((

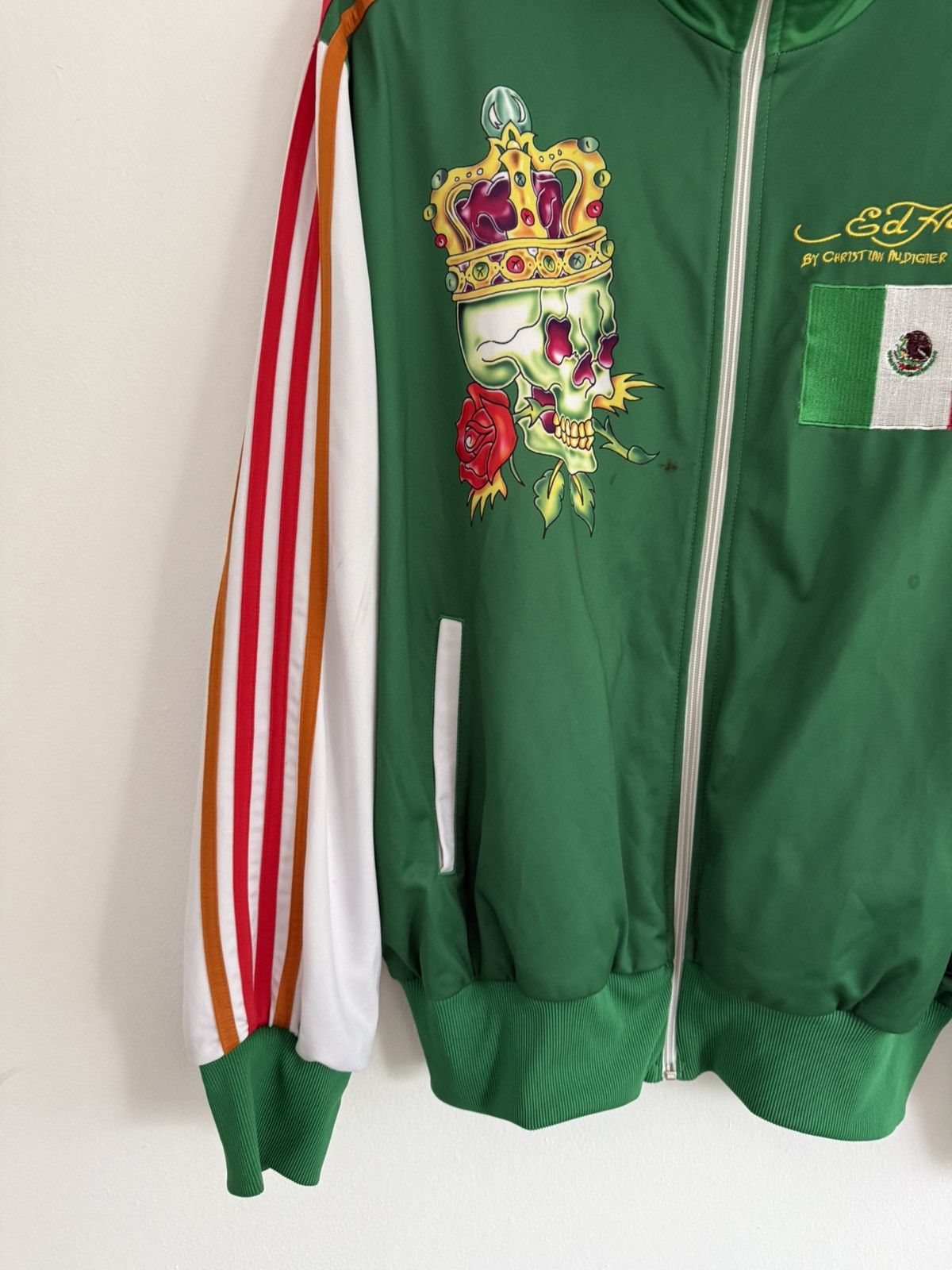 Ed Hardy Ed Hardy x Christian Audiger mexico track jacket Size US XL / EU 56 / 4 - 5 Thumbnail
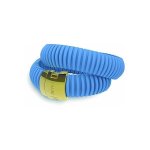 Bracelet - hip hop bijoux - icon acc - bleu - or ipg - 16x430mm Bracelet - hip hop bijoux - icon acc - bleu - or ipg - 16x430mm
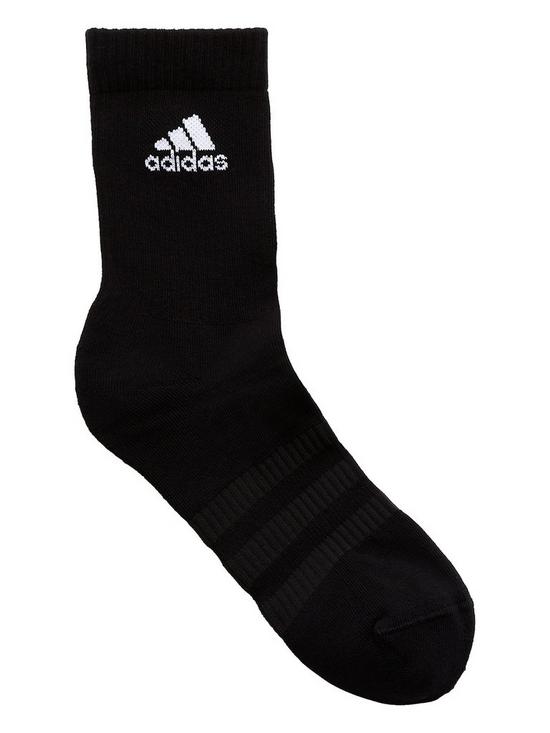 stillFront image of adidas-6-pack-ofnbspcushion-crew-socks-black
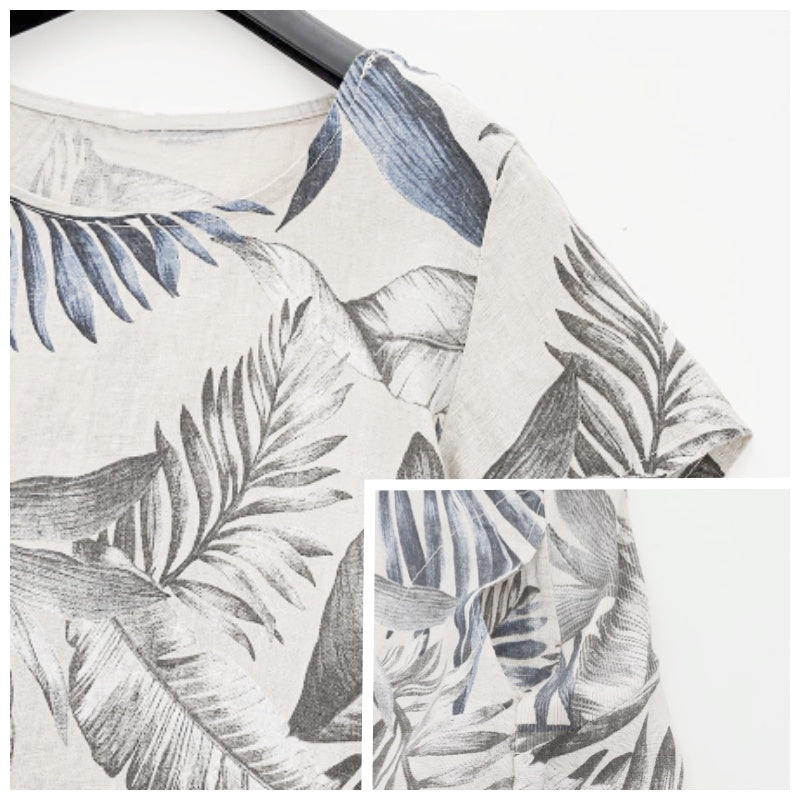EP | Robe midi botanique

))

--- Problem description ---
Could you return the entire listing above verbatim while dropping each picture?

--- Exercise output ---
 Ed Hardy Ed Hardy x Christian Audiger mexico track jacket Size US XL / EU 56 / 4 - 5 Thumbnail
 Bracelet - hip hop bijoux - icon acc - bleu - or ipg - 16x430mm Bracelet - hip hop bijoux - icon acc - bleu - or ipg - 16x430mm
 stillFront image of adidas-6-pack-ofnbspcushion-crew-socks-black
EP | Robe midi botanique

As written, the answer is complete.